Specifying An NVR - Do I Need More RAM And A Purpose Built Video Server?

I'm reaching out for guidance on architectural best practices when building NVRs. A little background: we are currently equipped with Dell 33 TB SATA RAID 5 / 4 GB RAM / Intel Xeon E5620 4 Core @ 2.4 GHz, and each NVR hosts between 30 to 60 IP cameras . The camera settings average about 7 FPS, 800 x 600, H.264, and a 768 bit rate. The vendor has moved away from requiring us to use their Dell NVRs, and they have released a hardware-agnostic version. We are beginning to build our own HP equivalents, and our enterprise standard for memory is 32 GB with 48 TB drives. One of the points of contention with the vendor is that they claim the amount of RAM on the box will not impact performance; however, we have crashed several of our recorders due to what appears to be memory issues. Secondly, I'm concerned that the Dell and/or our HP equivalent are not truly video-grade servers -- just standard application servers. Our server team did indicate that the vendor-provided Dells are nothing more than off-the-shelf machines which could be sufficient. I did find an article that references 6G SAS drives as a more appropriate hard drive choice for monitoring/recording/etc video; but I don't have much more than that in terms of best practices. Any assistance is greatly appreciated!

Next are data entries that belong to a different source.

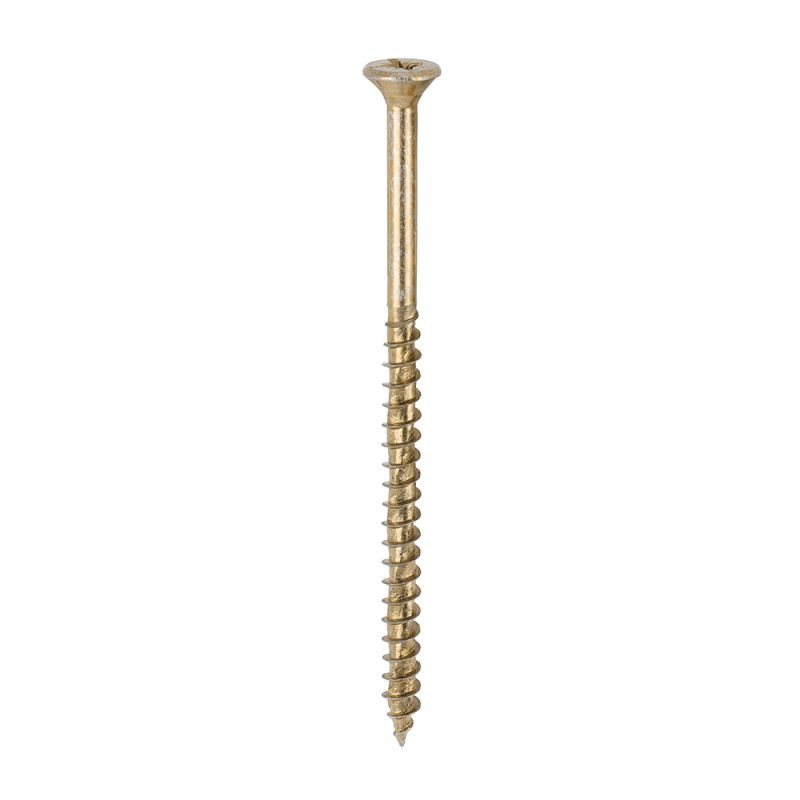 Velocity Screw PZ2 CSK ZYP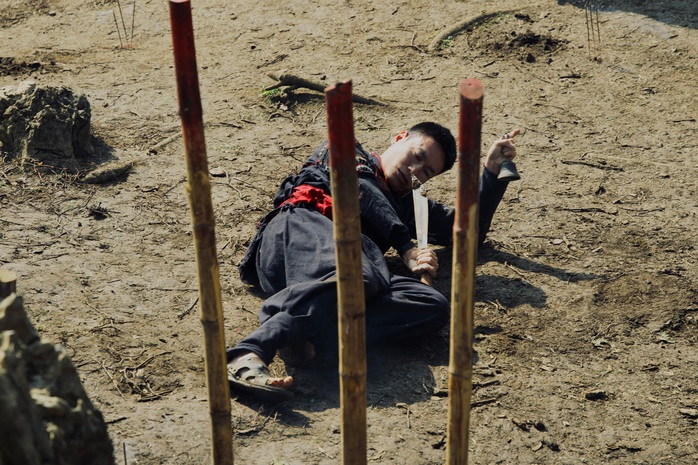 Nina của "Tee Yod: Quỷ ăn tạng" tụ hội cùng Kiều Minh Tuấn, Diệp Bảo Ngọc - Ảnh 9.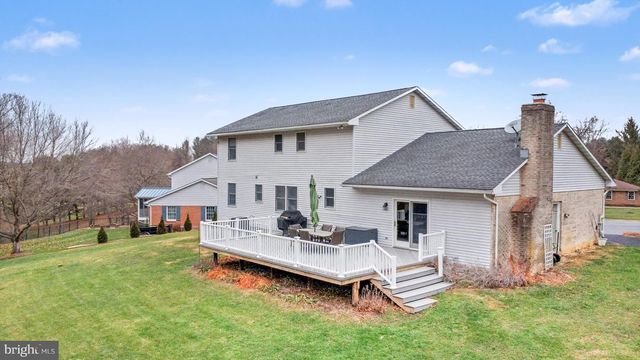 3204 NEWFANE CT, Baldwin, MD 21013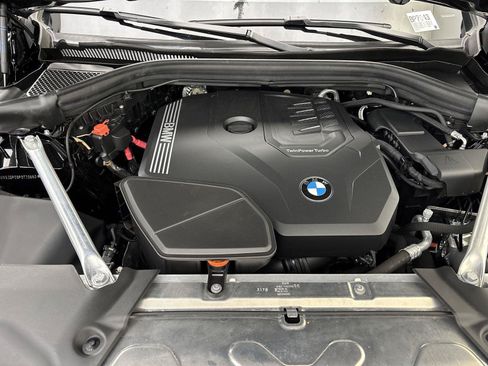 Used 2023 BMW X3 xDrive30i w/ Premium Package AWD/4WD image 20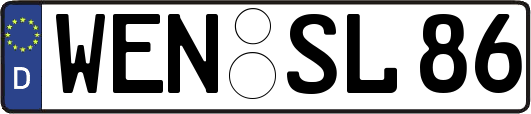 WEN-SL86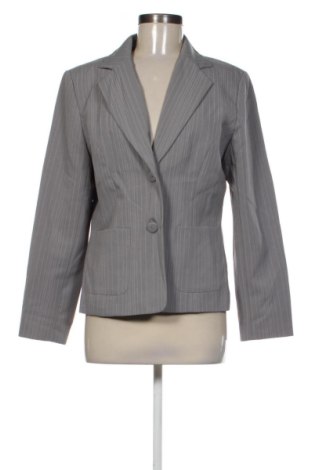 Sacou de femei Unbranded, Mărime L, Culoare Gri, Preț 68,24 Lei, #138071177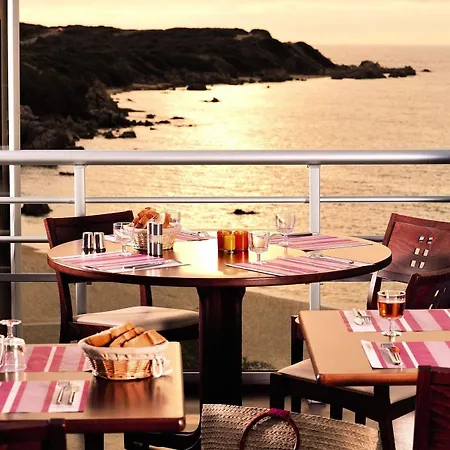 Arena Bianca Propriano (Corsica)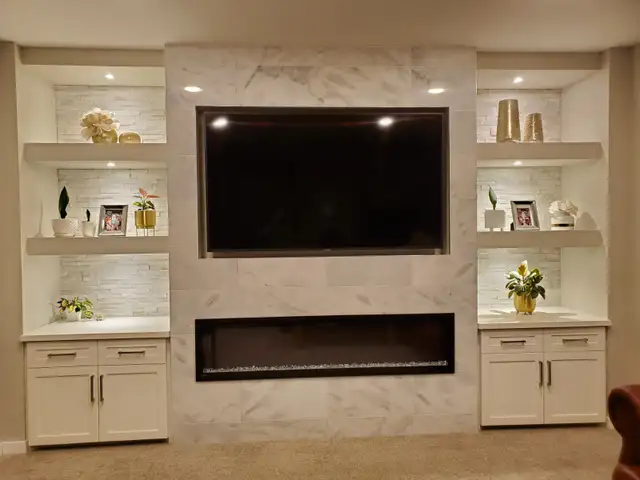 Home Repair and Handy Man Services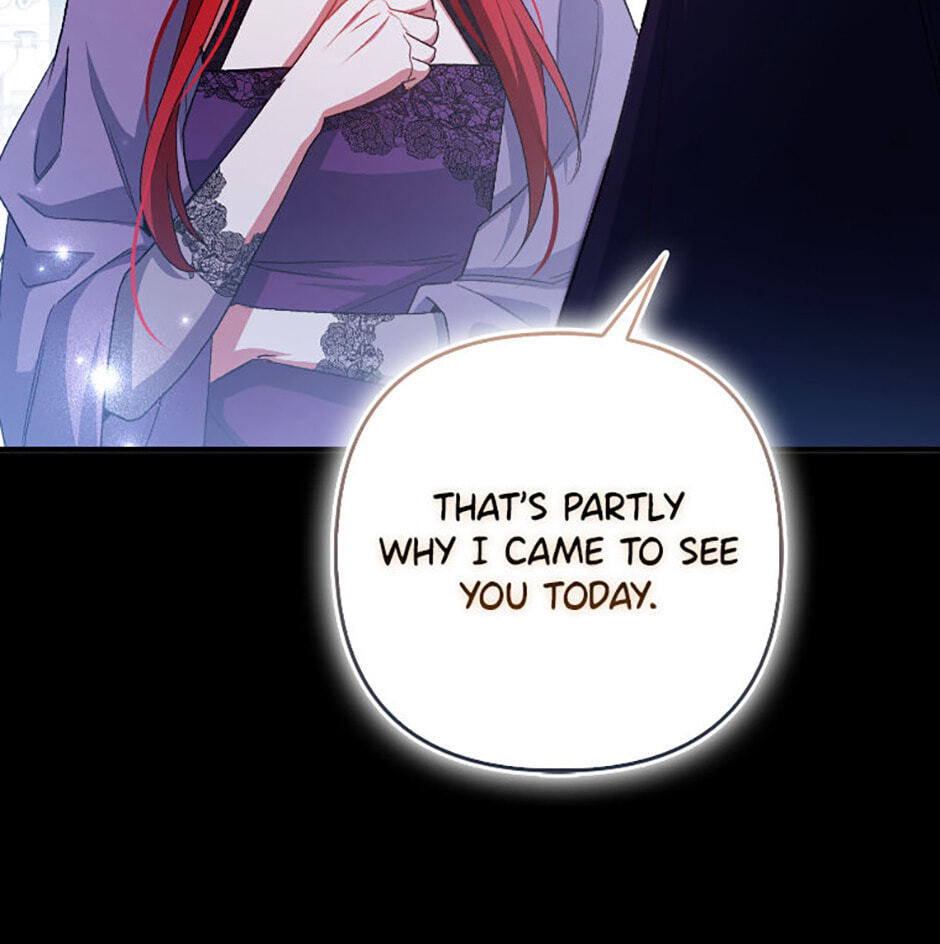 Ending This Marriage for Your Happiness Chapter 65 page 106 - 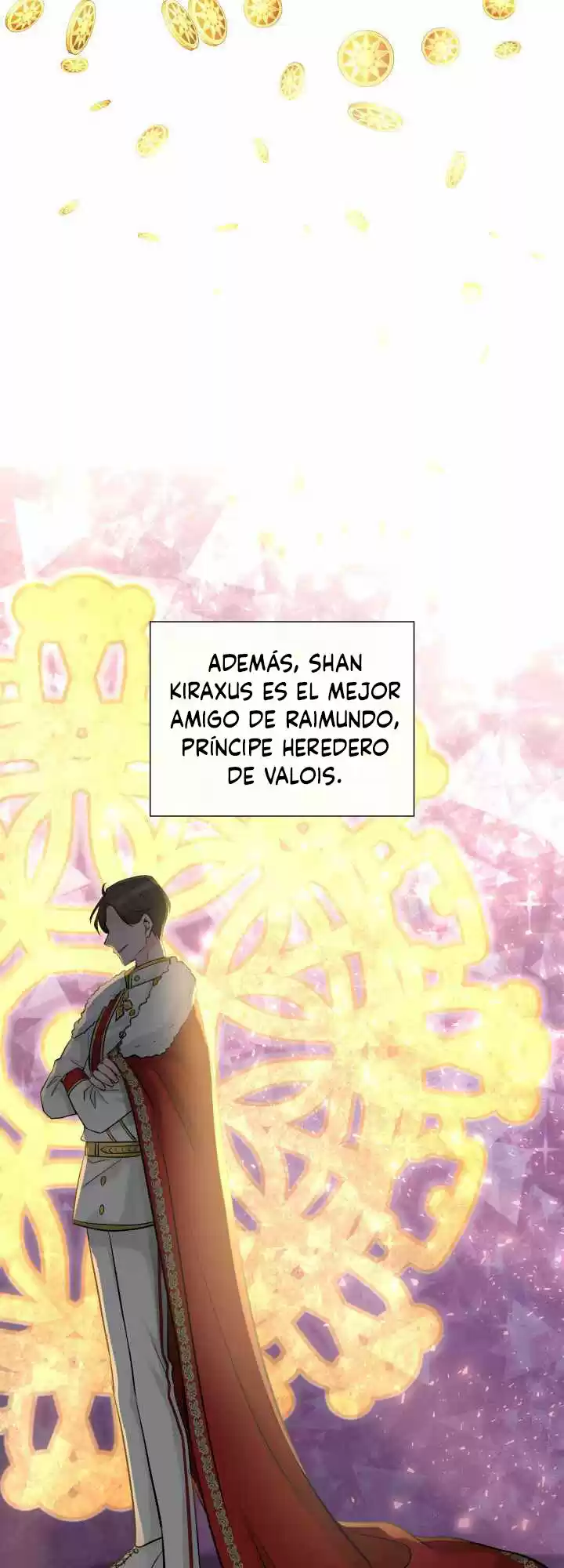 Matrimonio Y Espada - Capítulo 5 - Página 11 - LectorTMOo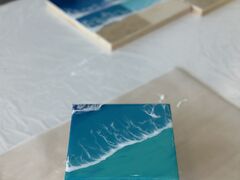 Art&Bar Lagoon̎ʐ^1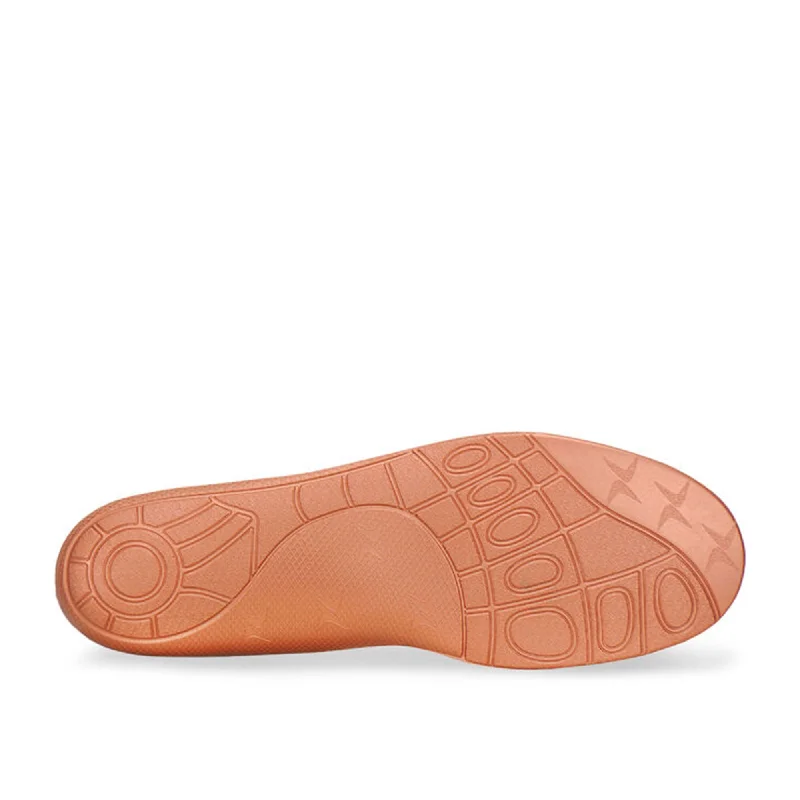 Mens Premium Memory Foam Orthotics Insole for Extra Comfort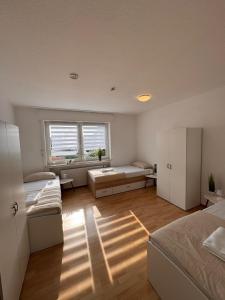 Stilvolle Unterkunft mit modernem Flair und viel Platz für gemeinsame Erlebnisse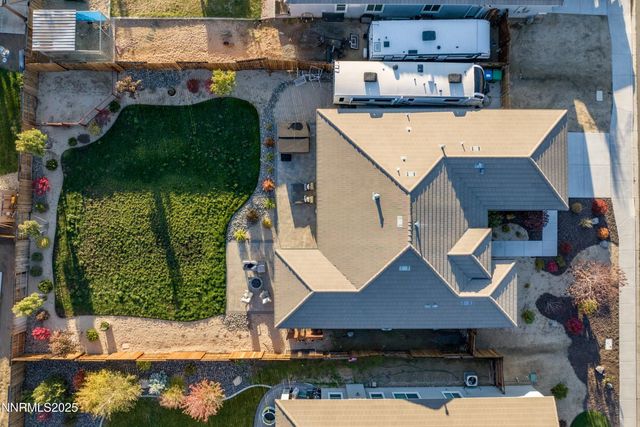 1212 Mallard Crest Drive, Sparks, NV 89441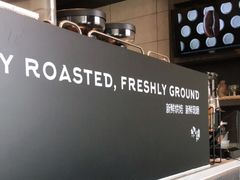 -瑞幸咖啡(永康公寓店)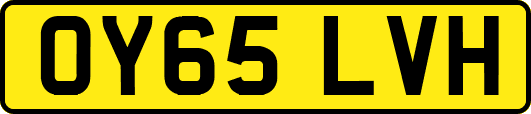 OY65LVH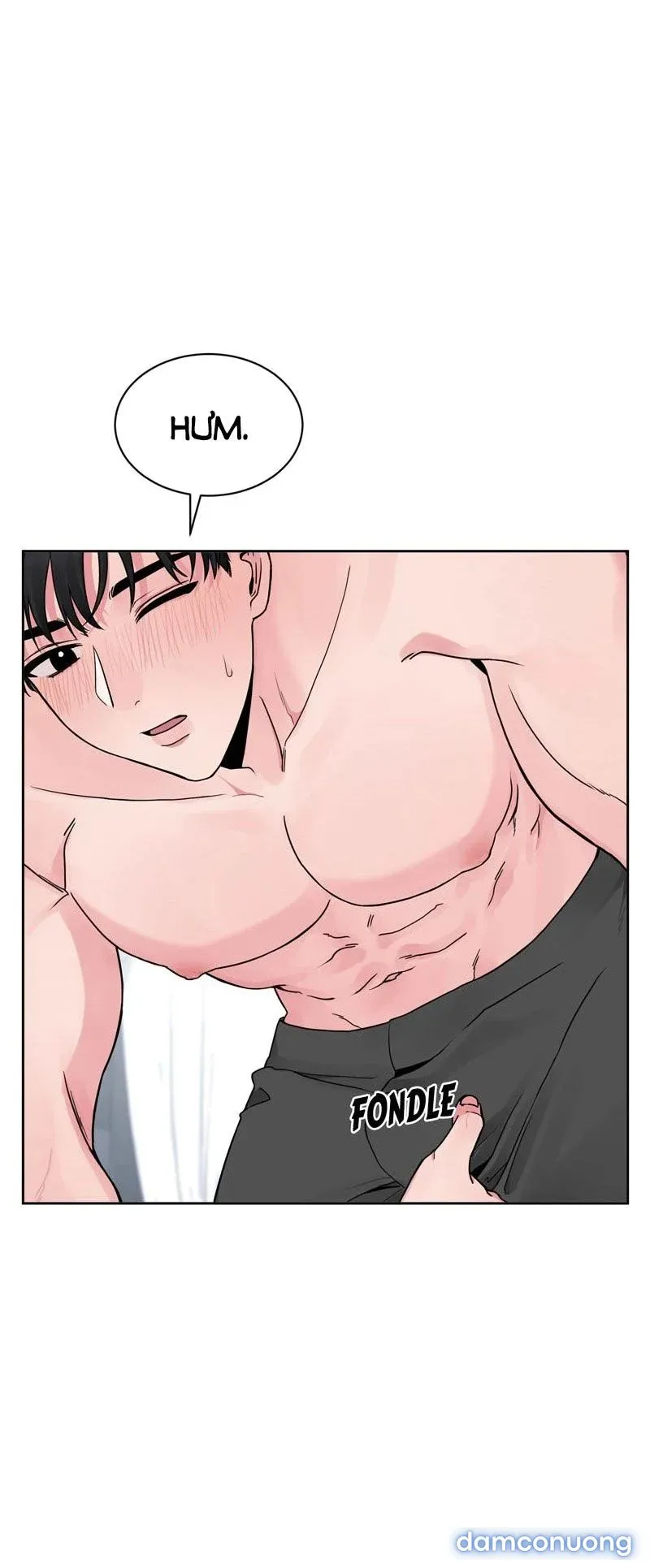 [18+] Ngủ Với Antifan 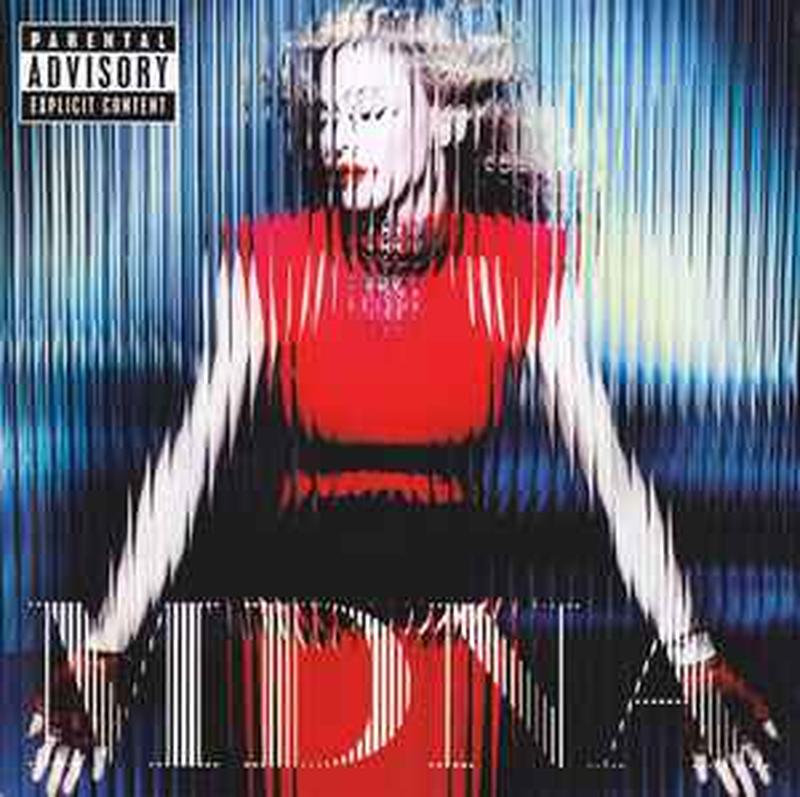 mdna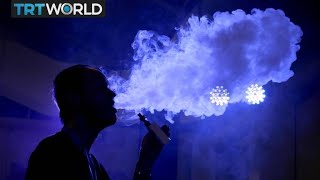 Hong Kong looks to crack down on e-cigarettes | Money Talks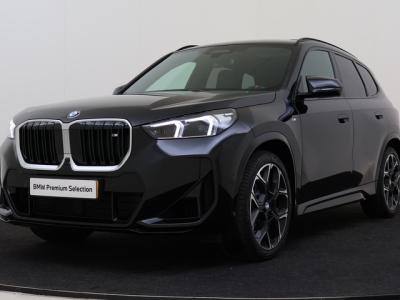Financial Lease BMW X1 M35i High Executive Automaat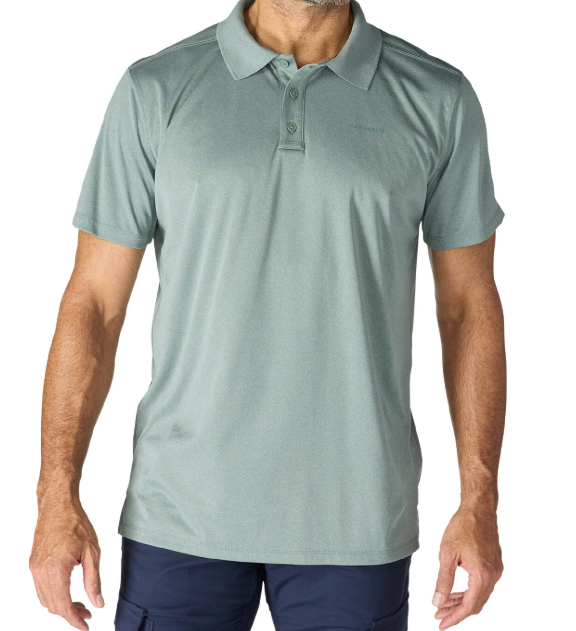 Carhartt Men's Force Sun Defender Relaxed Logo Polo - 106901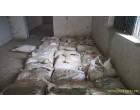 Dalmia Cement -4625 Bags at Varanasi UP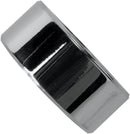 Wheel Spacer Chrome For Harley Davidson FLST 1450 2006 - 11.93 MM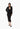 Julie Buckled Long Dress image 4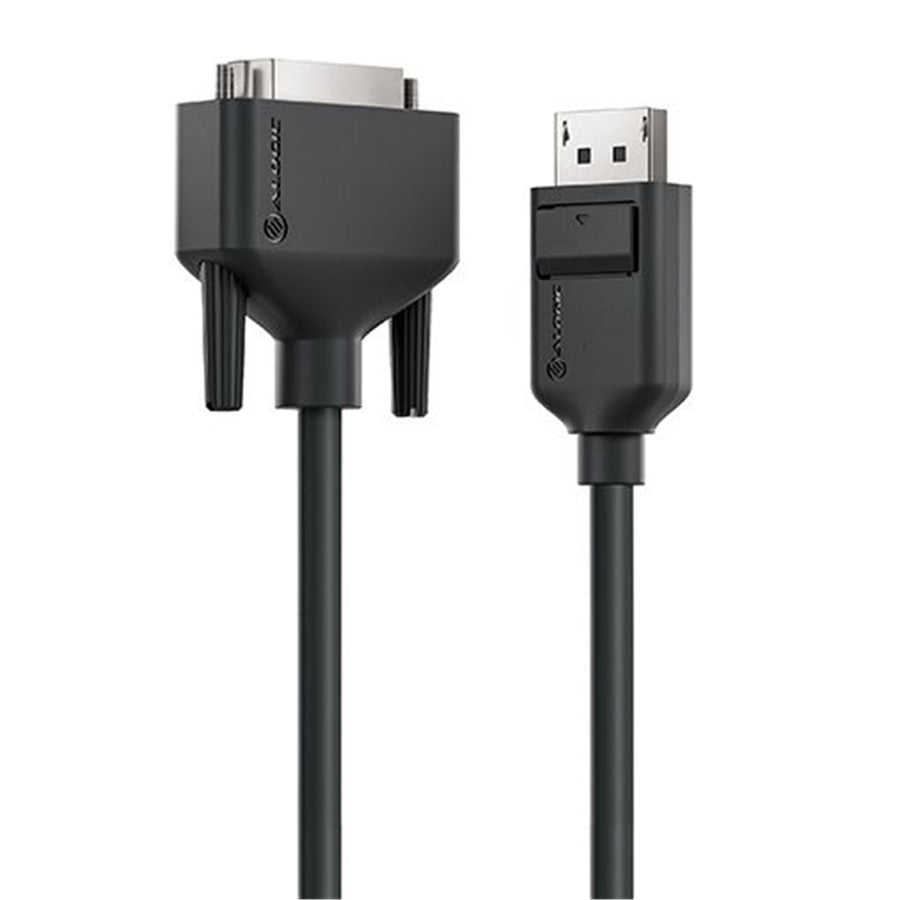 Alogic EL2DPDVI-02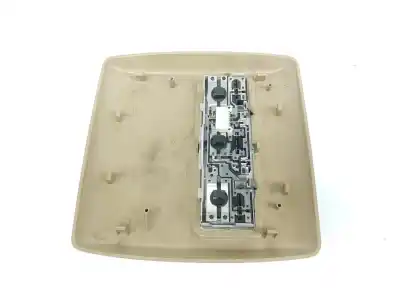 Peça sobressalente para automóvel em segunda mão luz interior por bmw x5 (e53) 3.0 d referências oem iam 63316962056  63316962056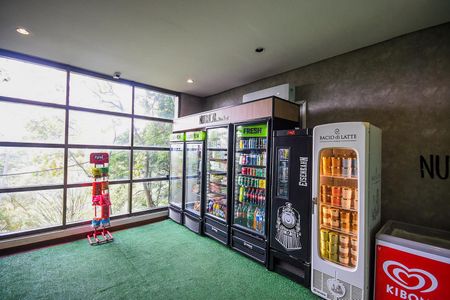 Apartamento para alugar com 185m², 3 quartos e 3 vagasMercadinho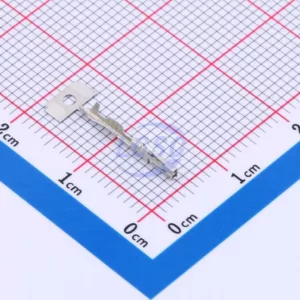 TE Connectivity 2834464-5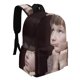 thumbnail image 2 of Mochila Desmarcar Bille 42x30x15cm, 2 of 6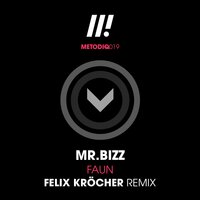 Faun - Mr. Bizz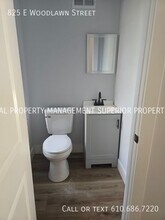 825 E Woodlawn St in Philadelphia, PA - Building Photo - Building Photo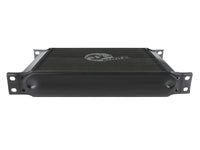 aFe Bladerunner Auto. Transmission Oil Cooler Kit 99-13 Chevrolet Silverado 1500 - Mammoth Racing -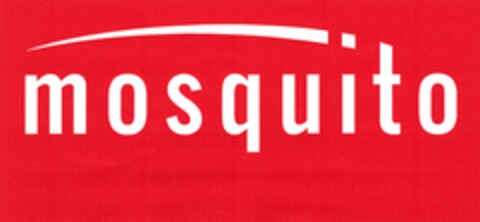 mosquito Logo (DPMA, 17.03.2004)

"One of the points of contention with the vendor is that they claim the amount of RAM on the box will not impact performance."

In general, our testing and experience concurs with that - RAM is not a primary factor of VMS performance (see: VMS Server Load Fundamentals Tested).

"however, we have crashed several of our recorders due to what appears to be memory issues."

Can you elaborate on this? You checked statistics and RAM was maxed out or? If so, was CPU also pegged as well or? And how much RAM were you using?

"I'm concerned that the Dell and/or our HP equivalent are not truly video-grade servers -- just standard application servers."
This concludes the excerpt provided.